Reyels has a great sensibility for the actors who share and can act out her idea of reduction. “I like to break up a scenes into a few long shots. A single shot that lasts two minutes can really have an incredible strength. For a feature film that is very long. It is a challenge to give a scene its dramatic tension not through editing but through the acting,” said Rayels.

In order to achieve that she takes the time to work through the script very precisely with the actors prior to the shoot. “For me, a script is a mass that you work with, which you can move. In Formentera we often put the actors in real situations that were not staged. We discussed the scene in detail beforehand. They knew what they had to do. And then we watched what happened. This sometimes gives rise to surprising moments, which makes a scene interesting.”

Reyels’ name quickly made the rounds in the German film scene. Hounds celebrated its premiere at the Forum section of the Berlin International Film Festival in 2007, as did her next film, Formentera, in 2012. That attracted the attention of the film people outside of Germany. “I had the feeling that the audience in France, for example, accepted the story more for what it was than was the case in Germany,” she said. Whereas in Germany she is often asked why she wanted to tell this specific story, the audience in France was more interested in how she went about it, for instance how much of the dialogue as improvised.
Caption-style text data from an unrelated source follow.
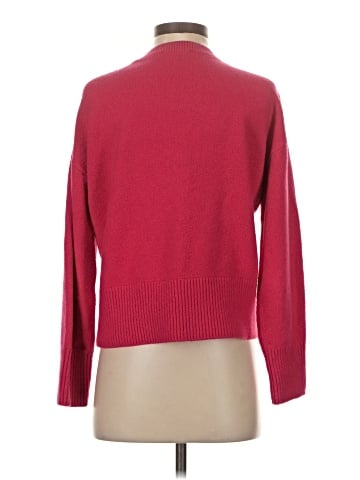 & Other Stories Pullover Sweater (view 2)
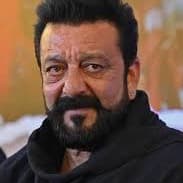 sanjay dutt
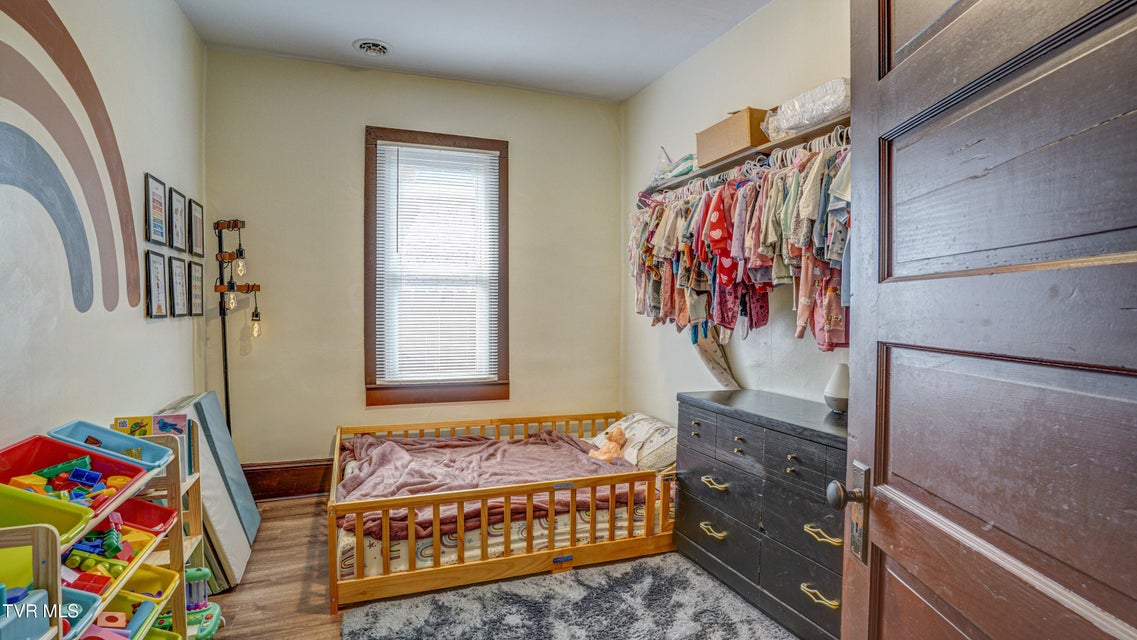 Photo #32: 524 Carolina Avenue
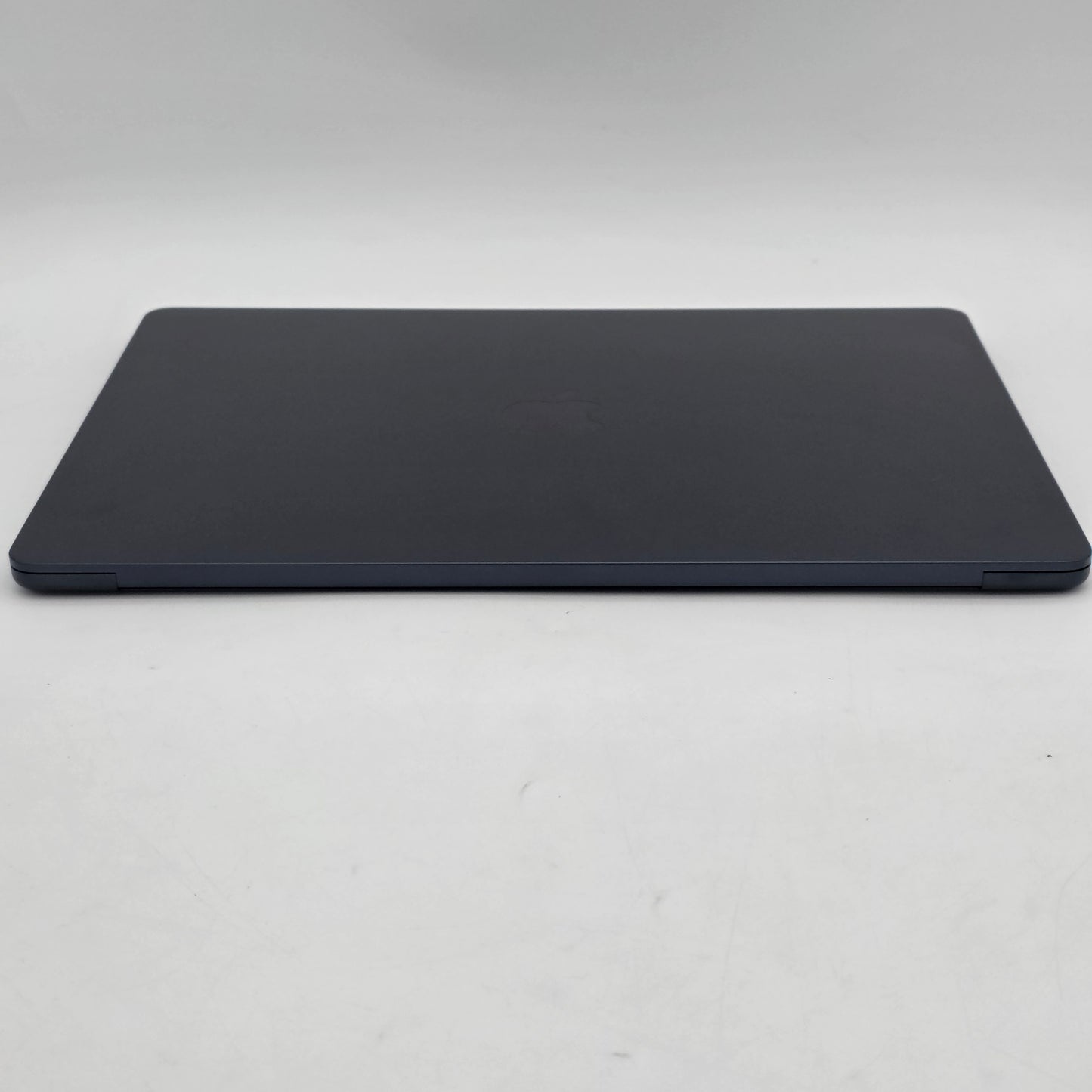 New 2025 Apple MacBook Air 15" M4 10C GPU 4.5GHz 16GB RAM 256GB SSD MW1L3LL/A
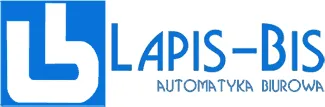 Lapis bis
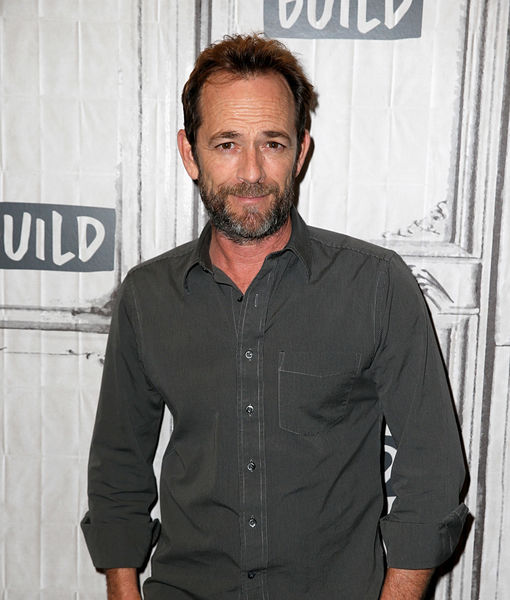 luke-perry-getty-1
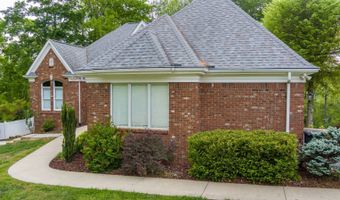 45 Edgewater Dr, Albany, KY 42602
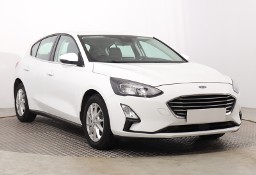 Ford Focus IV , Navi, Klima, Tempomat, Parktronic, Podgrzewane siedzienia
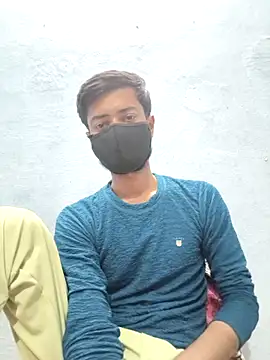 Snapshot of GirlsCrush_ chatting on 02-20-26, 06:08 GirlsCrush online show from 02-20-26, 06:08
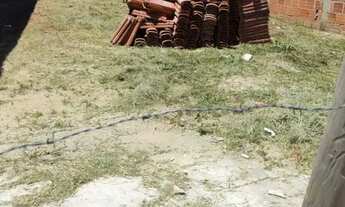 Imagem 4: Terreno 175m² Terreno / lote com venda por R$100.000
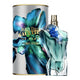 Jean Paul Gaultier Le Beau Flower Edition woda perfumowana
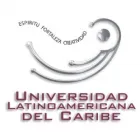 UNIVERSIDAD LATINOAMERICANA DEL CARIBE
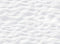 Kate Hiver Neige Sol Blanc Toile de fond en Vinyle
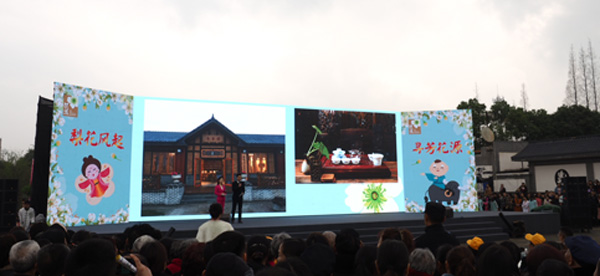 图片默认标题_fororder_微信图片_20190317131955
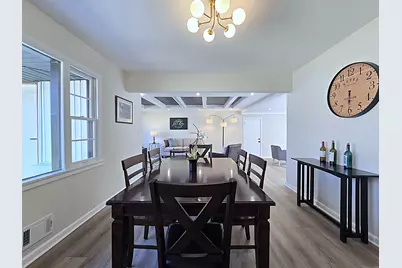 519 W Montclaire Ave, Glendale, WI 53217 - Photo 18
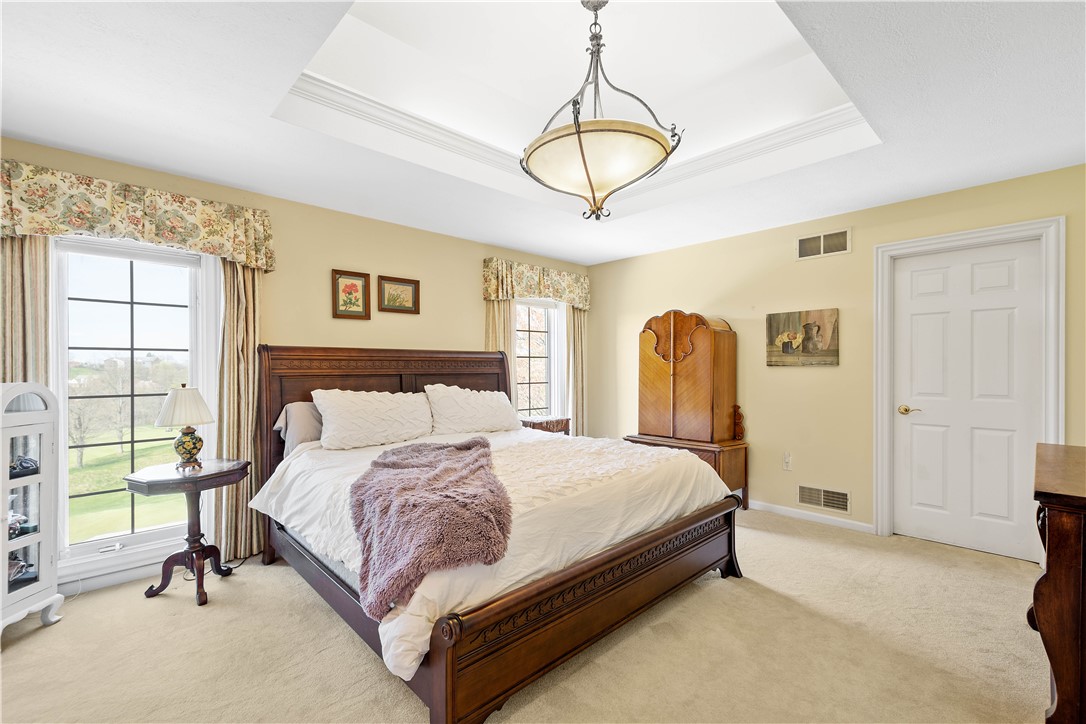 112 Beaver Creek Court Ct, Ohio Twp, Pennsylvania image 22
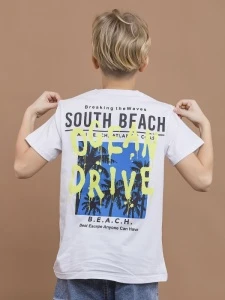 mtp167ujt2oufggp5hozy1gd470xw6tg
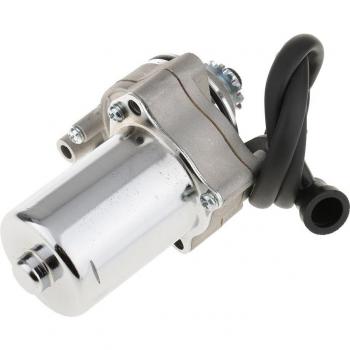 Quad Electric Starter Motor for 50CC 70CC 90CC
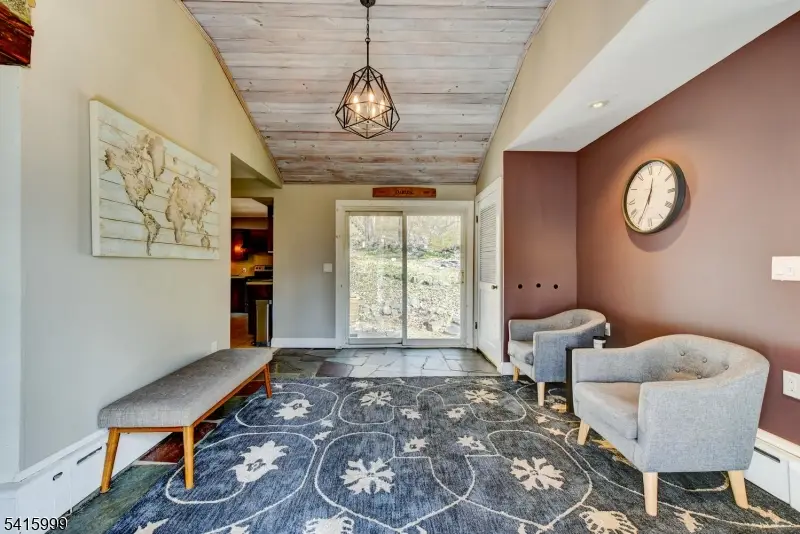 95A Dreahook Rd, Readington, NJ 08833 - #2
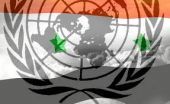 Ακυρώθηκε η συνεδρίαση του Σ.Α. του ΟΗΕ για τη Συρία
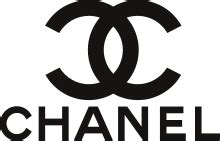 did karl lagerfeld design interlocking chanel logo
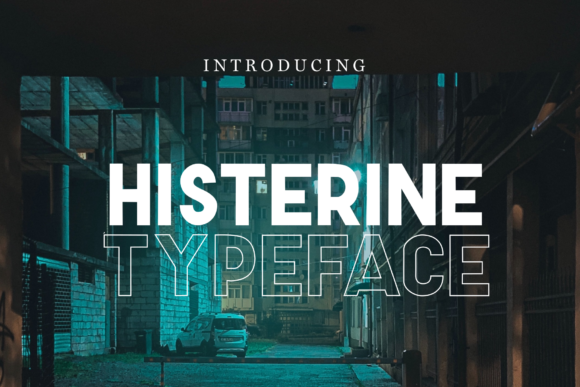 Histerine: A Designer’s Honest Review for Real Projects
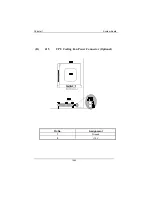 Предварительный просмотр 15 страницы Biostar M5ATC Manual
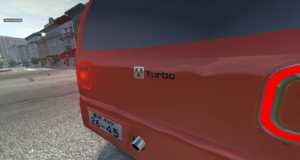 screenshot_2018-11-30_21-16-08.png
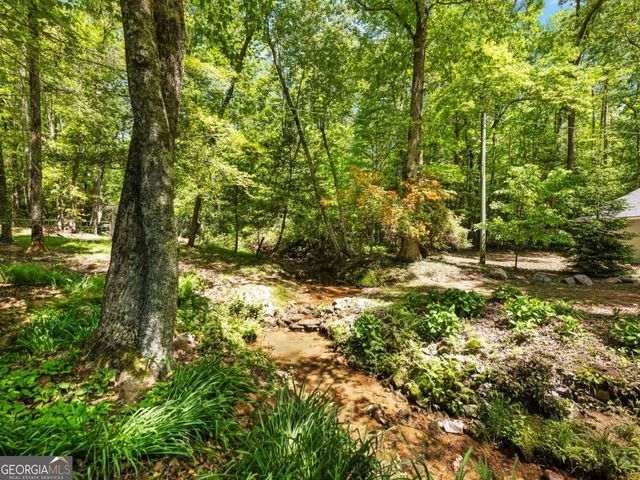 220 Evans Lane, Lakemont, GA 30552
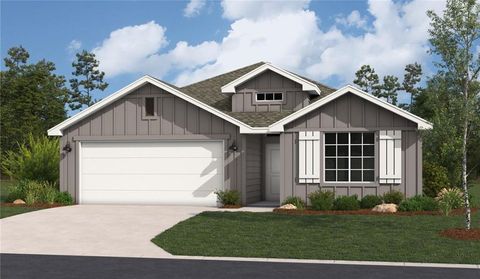 MLS: 2543904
While Reyels was talking, the phone on the kitchen table rang. The calls lasted only a few seconds. She climbed onto the window sill and threw a cap for the youngest of her two sons down to her husband, who was sitting there three floors below in the court yard. When she returned to the table I thought abou how many words had been said since the telephone rang. Barely three. “Just a sec.” The scene could have been from one of her films.